# [What you will do]
Since the records include pictures, leave those out while you reproduce exactly and only the lines from the one containing "2023 Jeep Grand" through the one containing "Nike Air Force", inclusive.

# [Input records]
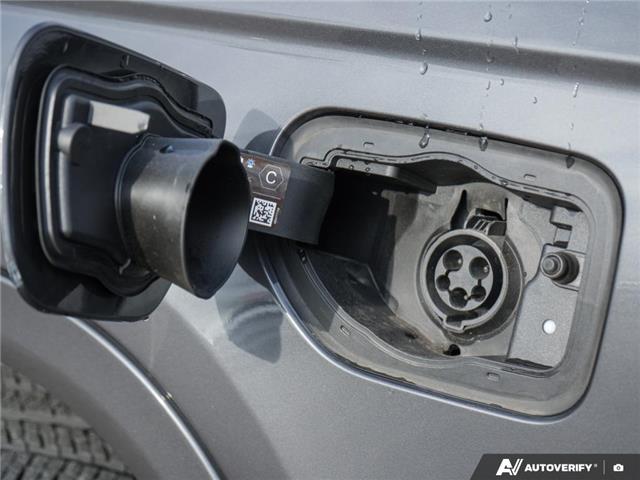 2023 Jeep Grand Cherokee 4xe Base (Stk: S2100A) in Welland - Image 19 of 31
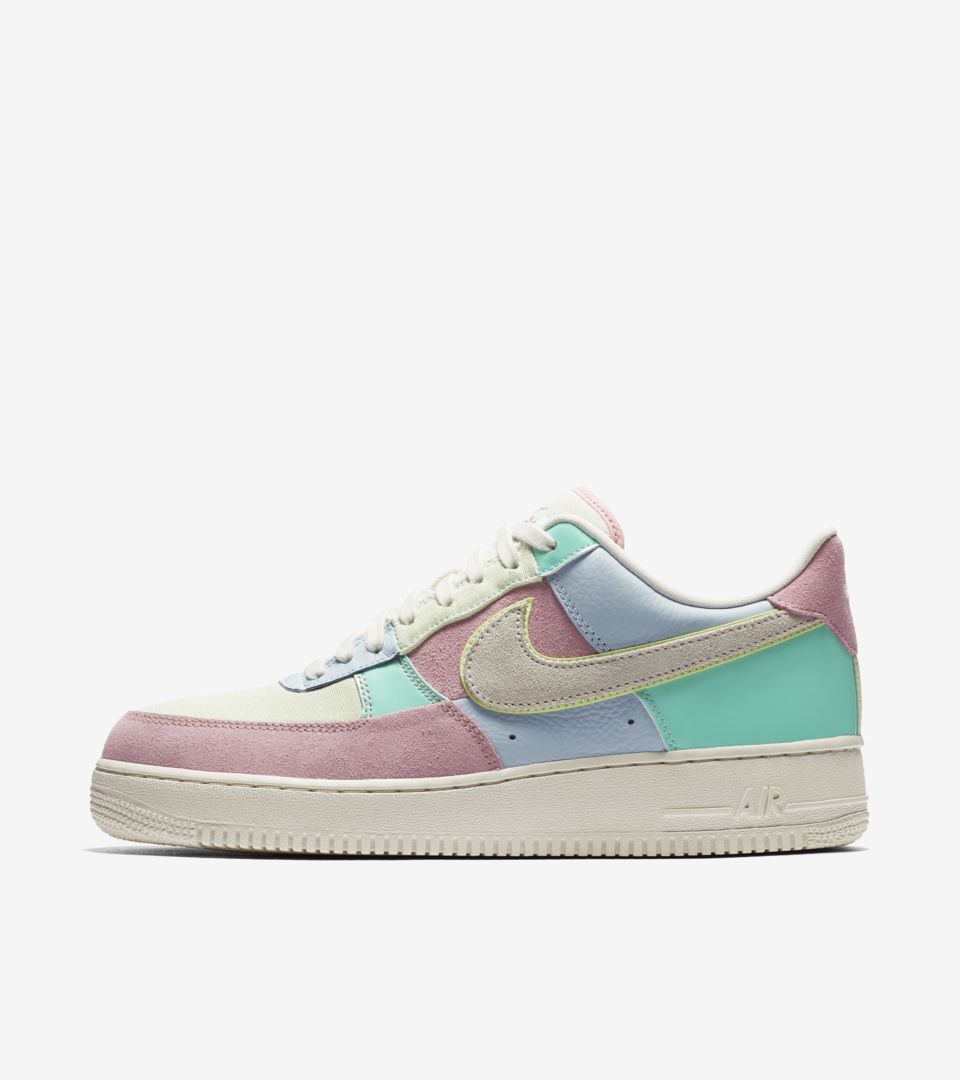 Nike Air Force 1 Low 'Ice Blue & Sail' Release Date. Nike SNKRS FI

---

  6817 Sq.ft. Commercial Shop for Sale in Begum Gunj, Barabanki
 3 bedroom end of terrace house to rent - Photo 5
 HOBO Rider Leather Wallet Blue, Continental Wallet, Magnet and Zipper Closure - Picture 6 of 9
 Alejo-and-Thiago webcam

--

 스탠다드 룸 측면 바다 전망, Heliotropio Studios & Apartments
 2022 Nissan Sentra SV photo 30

# [Output below]
 2023 Jeep Grand Cherokee 4xe Base (Stk: S2100A) in Welland - Image 19 of 31
 Nike Air Force 1 Low 'Ice Blue & Sail' Release Date. Nike SNKRS FI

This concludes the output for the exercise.